IDC: Smart Device Shipments To Grow 14% Annually To 1.2B In 2016, But U.S. Shipments, Revenue Dropped In Q2

Evidence of market saturation in the U.S. can be seen in new research from IDC that takes a look at the global connected device market. Shipments and revenues declined here, even as worldwide market share grew. The connected device market, meaning smartphones, tablets, and PCs combined, grew 27.4% year-over-year in Q2 2012, IDC says. There was also a slight bump of 2.8% growth from Q1 to Q2. However, although total revenue was at $131.5 billion worldwide – 16.3% higher than the previous year – there was a 2.7% decline in revenue quarter-over-quarter.

In the U.S., the drops were significant, in terms of both shipments and revenue. Unit shipments for Q2 2012 fell 7.8% from last quarter, and were down 5% from the past year to just under 47.4 million units. Revenues dropped to $24.8 billion, a 10.3% decline from the previous quarter, and a 8.6% drop year-over-year. IDC says these numbers are a result of both the economy and, to some extent, the impact of market saturation.

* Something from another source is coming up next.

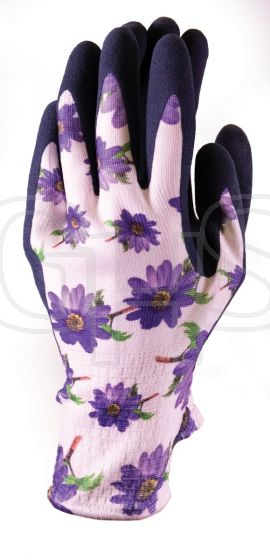 Town & Country Mastergrip Patterns Wind Flower Gloves Medium - TGW107M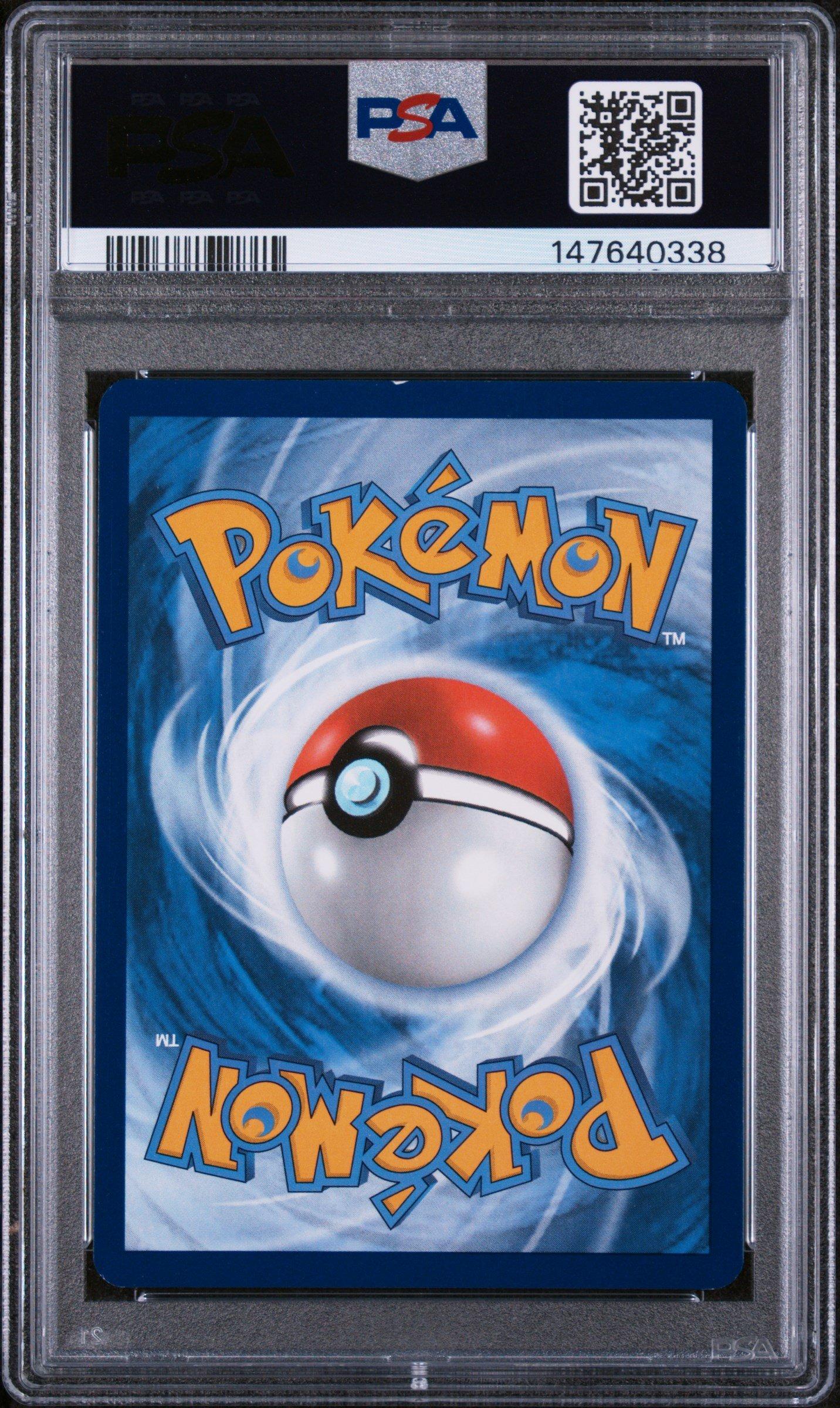 2025 Pokemon Wht En-white Flare 134 Mienshao Illustration Rare PSA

The U.S. aside, IDC is still forecasting continued growth in the space, with worldwide total unit shipments for connected devices reaching nearly 1.2 billion in 2012, a 27.4% increase over 2011. The analysts believe that by 2013, that number will grow to 1.4 billion, a 19.2% year-over-year increase. By 2016, there will be 2 billion connected devices, with the Asia/Pacific region leading with over 860 million units. The Americas are forecast to have 600 million by 2016 and the EMEA region, 530 million.

Smartphones in particular, now accounting for 59% of connected device shipments, will grow 15.8% annually, to reach nearly 63% of shipments by 2016. Tablets will grow the fastest, though, rising from a 10% share in 2012 to 13% by 2016, eating into PC share, which will drop from 31% to 24% during the same time. In the EMEA region, IDC says tablets will gain share, while in the Americas and Asia/Pacific regions, volume will increase, but share will be smaller than the global total during this forecast period.